**TASK TO COMPLETE**
Once you find the line in the listing below that contains "SUPER CLASIC LIFT", copy it and every following line exactly, stopping at the end.

___ PROVIDED MATERIAL

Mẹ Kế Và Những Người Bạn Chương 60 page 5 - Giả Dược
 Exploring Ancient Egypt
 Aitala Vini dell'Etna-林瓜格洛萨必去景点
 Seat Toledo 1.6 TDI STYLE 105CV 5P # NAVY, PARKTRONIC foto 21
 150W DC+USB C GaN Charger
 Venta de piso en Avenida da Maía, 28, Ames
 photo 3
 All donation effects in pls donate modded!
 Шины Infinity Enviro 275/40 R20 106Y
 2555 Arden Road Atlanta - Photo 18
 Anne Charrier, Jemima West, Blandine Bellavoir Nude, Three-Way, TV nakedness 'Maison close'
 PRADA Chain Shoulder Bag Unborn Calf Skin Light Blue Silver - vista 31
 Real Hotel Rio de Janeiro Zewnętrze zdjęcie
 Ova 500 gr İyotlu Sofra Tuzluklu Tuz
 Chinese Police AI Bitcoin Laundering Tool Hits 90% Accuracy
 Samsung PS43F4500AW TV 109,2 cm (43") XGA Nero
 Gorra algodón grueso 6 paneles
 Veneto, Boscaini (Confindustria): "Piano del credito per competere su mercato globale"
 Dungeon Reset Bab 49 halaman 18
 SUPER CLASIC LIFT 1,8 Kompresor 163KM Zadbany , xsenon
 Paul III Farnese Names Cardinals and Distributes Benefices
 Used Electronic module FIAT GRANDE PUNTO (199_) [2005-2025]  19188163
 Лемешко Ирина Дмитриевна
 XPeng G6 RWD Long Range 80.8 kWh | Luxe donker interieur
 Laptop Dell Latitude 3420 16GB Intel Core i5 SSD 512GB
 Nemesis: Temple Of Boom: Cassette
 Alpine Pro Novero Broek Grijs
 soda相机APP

______

**SOLVED EXERCISE**
 SUPER CLASIC LIFT 1,8 Kompresor 163KM Zadbany , xsenon
 Paul III Farnese Names Cardinals and Distributes Benefices
 Used Electronic module FIAT GRANDE PUNTO (199_) [2005-2025]  19188163
 Лемешко Ирина Дмитриевна
 XPeng G6 RWD Long Range 80.8 kWh | Luxe donker interieur
 Laptop Dell Latitude 3420 16GB Intel Core i5 SSD 512GB
 Nemesis: Temple Of Boom: Cassette
 Alpine Pro Novero Broek Grijs
 soda相机APP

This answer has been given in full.